The program strives to teach campers Hebrew by making it an integral part of their six weeks at the Conservative movement-sponsored camp.

“The intention was to create as immersive an environment as possible,” says Rabbi Rami Schwartzer, the camp’s director. “That doesn’t mean [campers] won’t hear any English in camp … but we’ve tried to surround them in the Hebrew bubble the whole day.”

The immersion program runs as part of the regular day camp program, with two distinctions. Its campers are pulled out for 30 minutes every day for Hebrew-only activities, such as the one Tesler is doing. And the children are always accompanied by counselors that Schwartzer calls the camp’s “emissaries for Hebrew” because they speak only Hebrew to campers and camp staffers.

Hebrew is still an integral part of the regular program. Ramah Day Camp uses Hebrew with all campers for announcements, music and simple instructions.

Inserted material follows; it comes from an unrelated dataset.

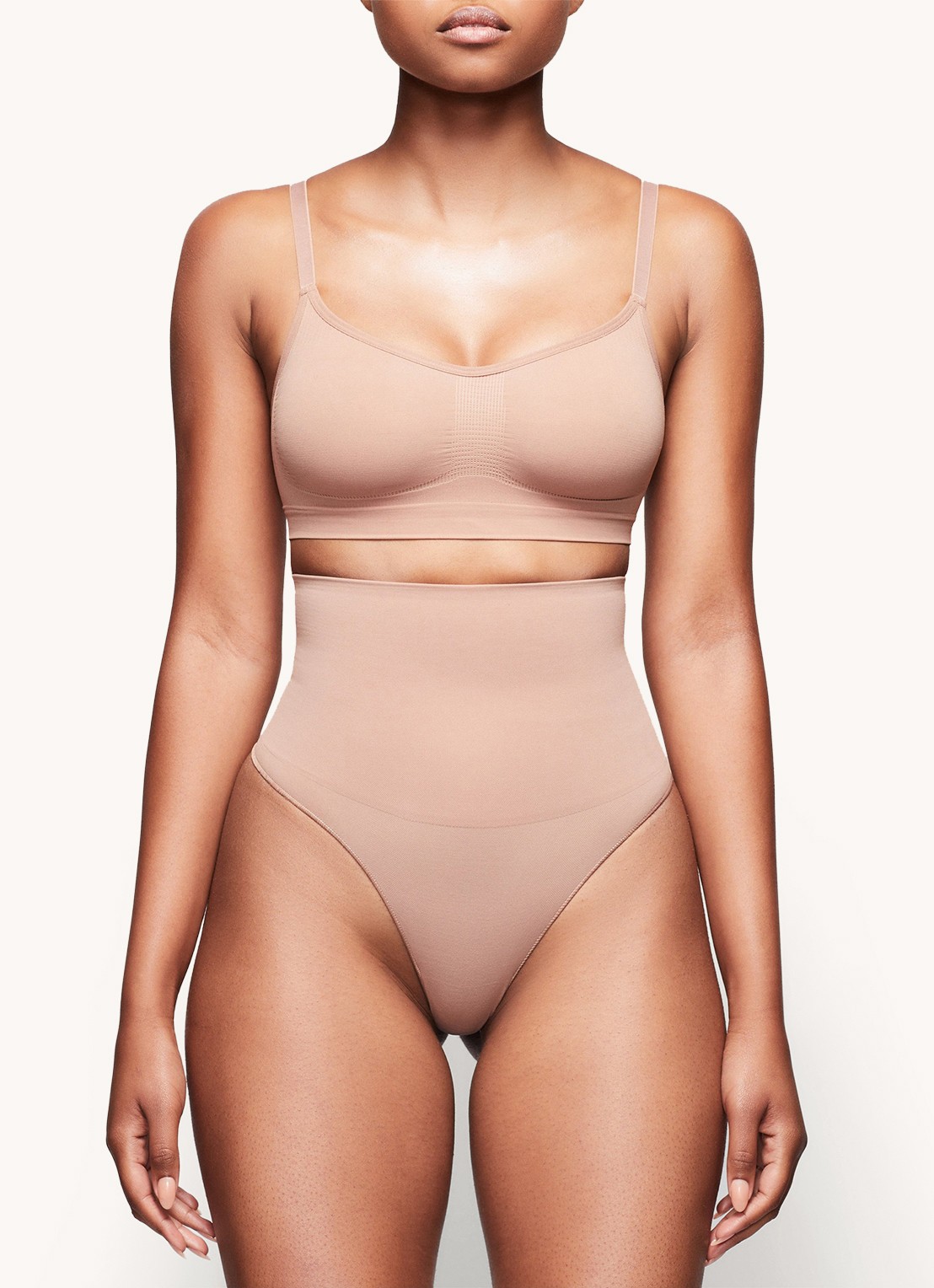 SKIMS Seamless Sculpt bralette met plooidetail - detail 3 lichtbruin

The Hebrew immersion program, for which there is an additional charge, is in its pilot year at the Germantown-based camp. But the concept has seen success elsewhere.

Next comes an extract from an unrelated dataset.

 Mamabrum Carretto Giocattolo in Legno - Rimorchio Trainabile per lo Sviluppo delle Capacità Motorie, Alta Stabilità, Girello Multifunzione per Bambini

The Sha’ar program began five years ago at Ramah Day Camp in Nyack, N.Y., and has grown to include 90 campers there.
The immersion program is a part of the Kayitz Kef program from the Foundation for Jewish Camp and Areivim, a philanthropic group that supports formal and experiential Jewish, Hebrew and Israel education. The goal is to incorporate Hebrew language learning into camp life.

In a nearby cabin, Itsik Sayag, another counselor who speaks only Hebrew at camp, helps the campers start conversations by having them act out scenes or share something about themselves.

“I have eyes that are blue,” one camper tells the group in Hebrew.

His friend offers a correction, also in Hebrew: “I have blue eyes.”

Sayag and Tesler are Israeli schlichim at Congregation Beth El of Montgomery County in Bethesda and Shaare Torah in Gaithersburg, respectively.

“It’s taking a lot of energy from both of us [staff and campers],” Tesler says of speaking only Hebrew. But “what is great with kids [is that] they accept a situation much easier than adults. If I’m coming to the kids and speaking in Hebrew, [they] will not question it.”

Back under the tree in the open field, there are a dozen articles of clothing hanging from the tape. Tesler calls out a piece of clothing in Hebrew, and the campers race to be the first one to touch it. Then they join their friends on buses heading for the pool.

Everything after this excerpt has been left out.